Read that again. The narrative promises world-class. The math assumes a failing grade. They have written down, in their own financial model, that they expect more than half of every student’s meals to be eaten somewhere other than the hall they’re promising to make world-class.

That’s not a world-class program. It’s a program financially designed to underperform, dressed in the language of excellence. The gold is in the deck. The fool’s gold is in the pro forma. And the pro forma is the one telling the truth.

Why They Do It

Understand the incentive and the whole thing snaps into focus. A hall budgeted at sub-50 percent participation is cheaper to run. Fewer covers means less food, less labor, a tidier food-cost percentage, and a healthier margin for the operator. The empty seats aren’t a bug in that model. The empty seats are the business plan.

There’s another reason it gets structured this way. When schools pursue these contracts, the operator’s capital investment is often on the table, in most cases well into the seven figures. The bigger that capital investment, and the more effective the promise of a world-class program, the less likely a school is to dig deeper into the numbers and uncover the reality its students may end up living with. The check and the rendering do the work the pro forma should be doing.

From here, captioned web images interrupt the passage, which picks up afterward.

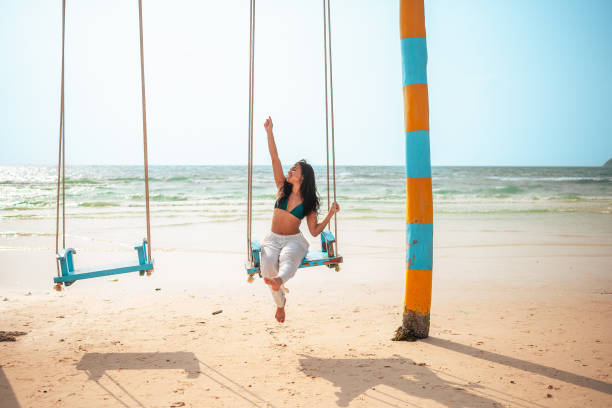 istock Joyful Hispanic Woman Enjoying Swing on Sunny Beach 2159160356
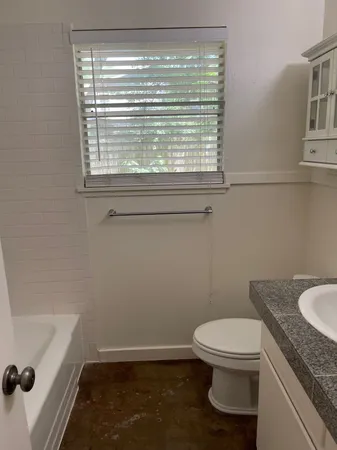 a bathroom with a granite countertop toilet a sink and a window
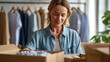 © Jane_S - Woman packing clothing boxes in small boutique behind rack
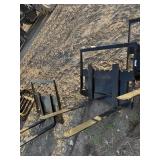 1 set of mini skid steer pallet forks.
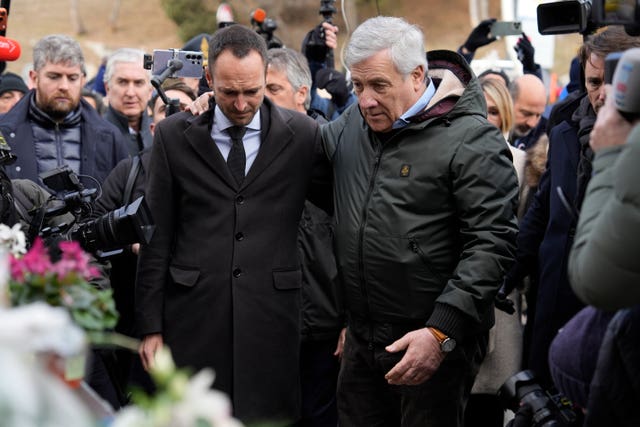 Italian Foreign Minister Antonio Tajani, right, and president of the Valais region Mathias Reynard paying tribute to blaze victims
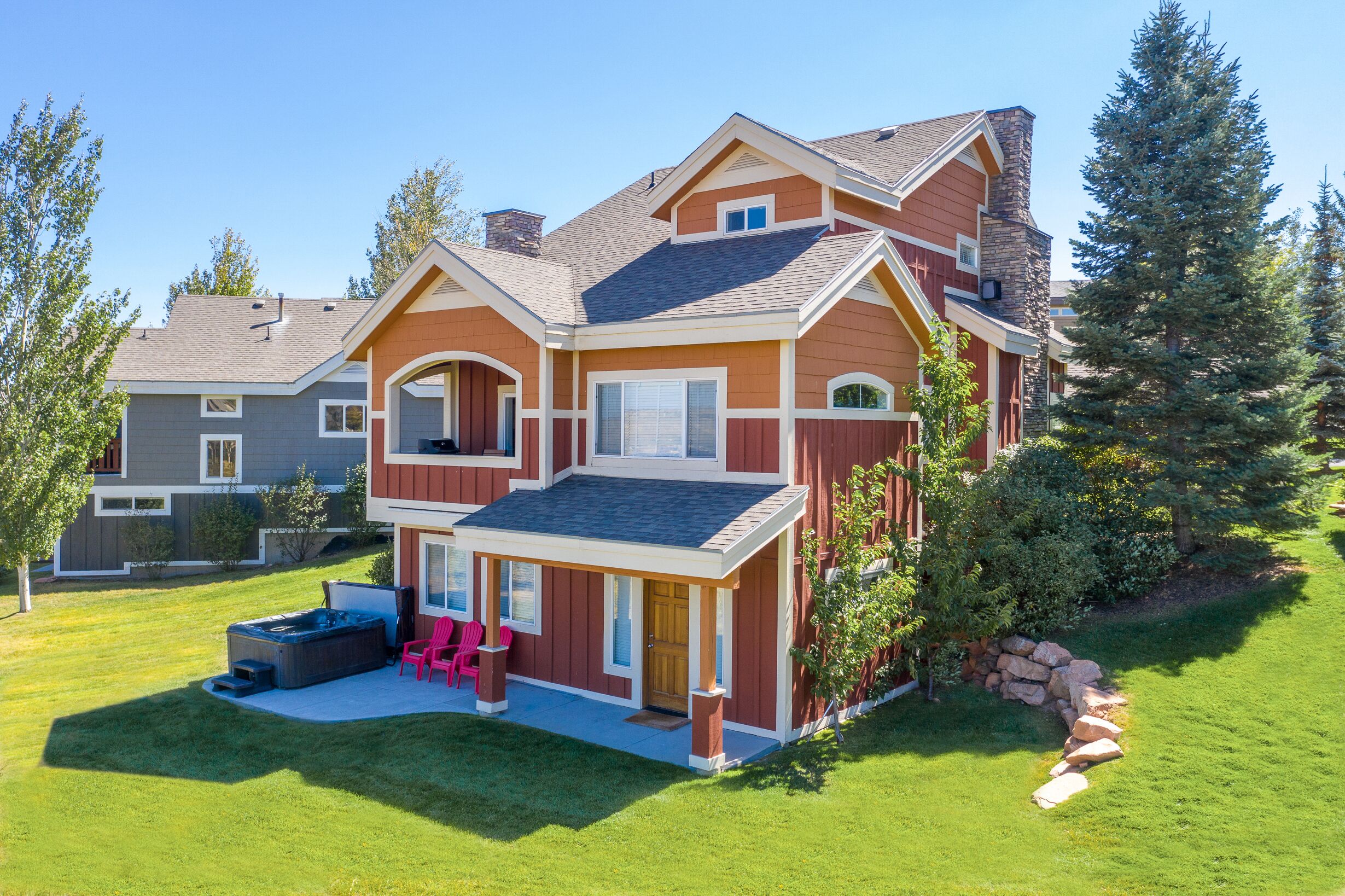 A two-story house with a patio, hot tub, and outdoor seating.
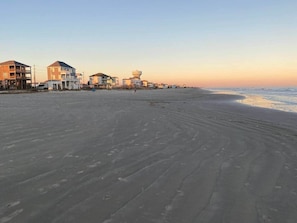 A beach with buildings in the background.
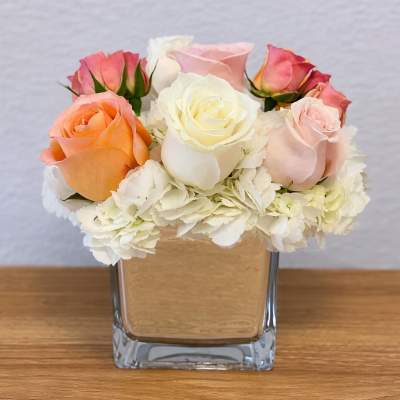 Mixed roses and white hydrangeas in a square glass vase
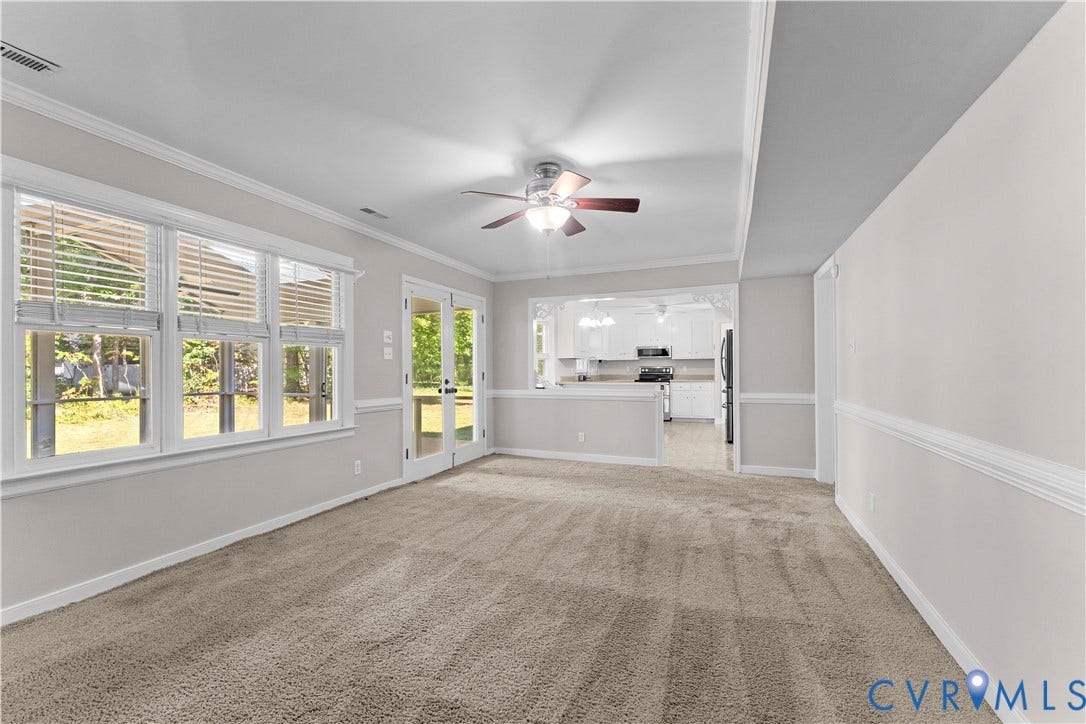 2307 Garrison Place Terrace, Garrison Place, Midlothian, VA 23112 Interior space featuring neutral-toned carpeting, crown molding, chair rail trim, a multi-blade ceiling fan, and large windows with integrated blinds
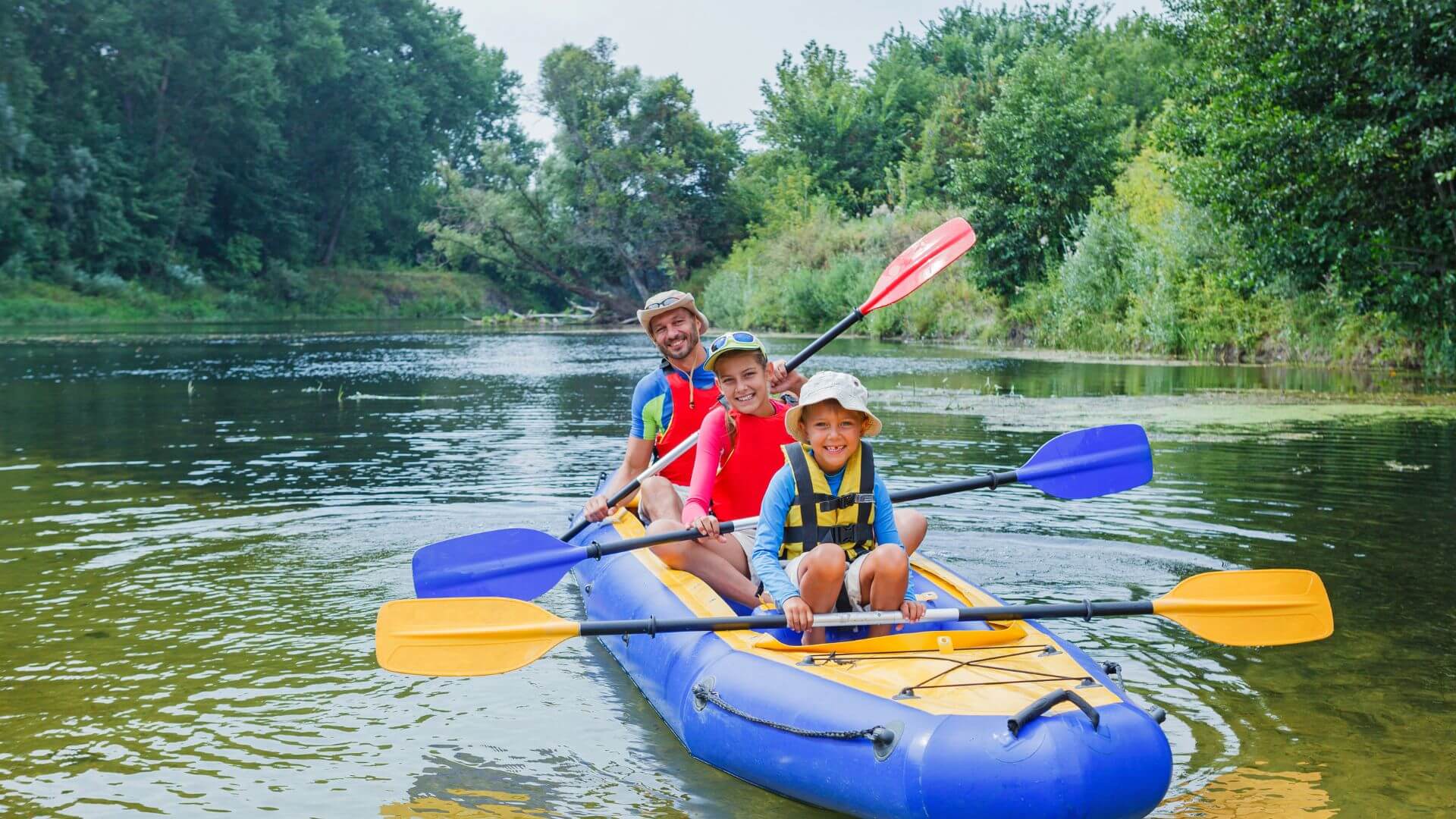 family on an inflatable kayak with paddles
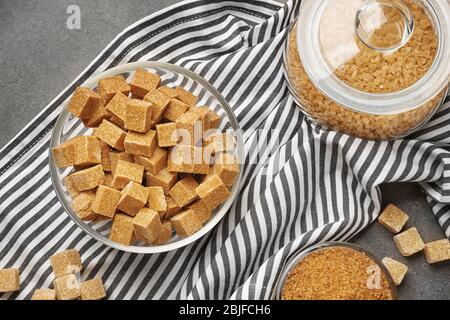 Brown sugar in dishware on napkin Stock Photo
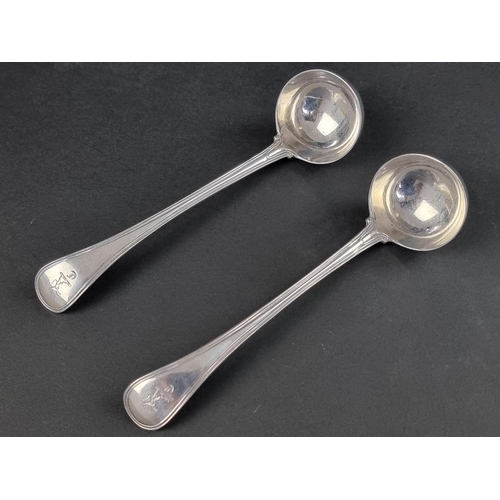 66A - A pair of Victorian Old English military thread and shell pattern silver sauce ladles, by William Ea... 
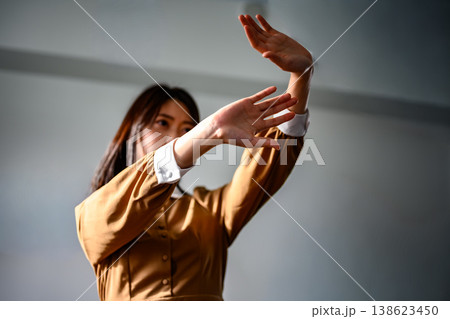 両手を広げて何かを防ぐ女性 138623450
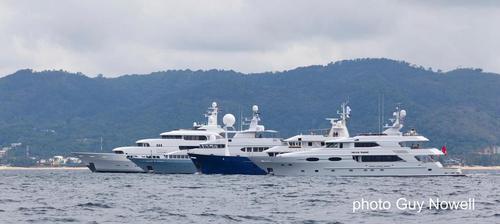 m/y line up - (l to r) Titania, Samax, Northern Sun, Moon Sand. Asia Superyacht Rendezvous 2014 © Guy Nowell http://www.guynowell.com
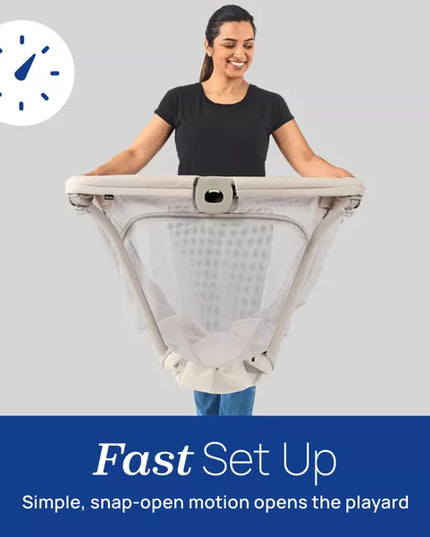 Woman holding a portable playard with text 'Fast Set Up' on a gray background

This is what happens when food cost is the religion and participation is an afterthought. The operator optimizes the number that protects their margin and treats the number that measures your students’ belonging as someone else’s problem. It’s the most expensive bargain in higher education: you pay for the building, you pay for the contract, and you pay again in the students who drift off campus and never come back.

What Real Gold Looks Like

Real gold is participation north of 70 percent. It is the single cleanest signal that your residential dining program is doing the actual work, which was never about food. Food is the excuse. Belonging is the outcome. A student eating fifteen of twenty-one meals in the residential dining hall is knitting himself into the Student Social Biome three times a day, every day, inside the First 45 Days when the patterns set for the rest of college.

That’s Gravitational Pull, and it’s engineered, not wished for. It comes from SOCIAL ARCHITECTURE™ and Abundance Thinking: hours built around the Student Clock, floor plans built for lingering, an Anytime Dining model that turns a transaction into a ritual. It’s the difference between a hall students pass through and a hall students live in. The difference between an F and an A.

PKC has cracked the code. We develop next-generation residential and retail dining crafted through the lens of SOCIAL ARCHITECTURE™ and Abundance Thinking, and our programs deliver meal plan participation, the truest student satisfaction score there is, of between 70 and 90 percent from Day 1 of the fall semester the new program goes live. Not by year three, once the kinks are worked out. Day 1. That’s not a budgeted hope buried in a pro forma. It’s the number we design to, the number we stand behind, and the number our clients watch land the moment the doors open.

Read the Pro Forma

So, when the next world-class promise lands on your desk, don’t grade the renderings. Grade the participation assumption, in writing, clean, with no equivalency transferred out to retail to make the number lie.

If they won’t put the number in writing, that’s your answer. If they put it in writing and it sits below 50 percent, that’s also your answer, and it’s the same answer.

The deck is the gold. The pro forma is the truth. Anyone selling you the first while burying the second is selling you Fool’s Gold.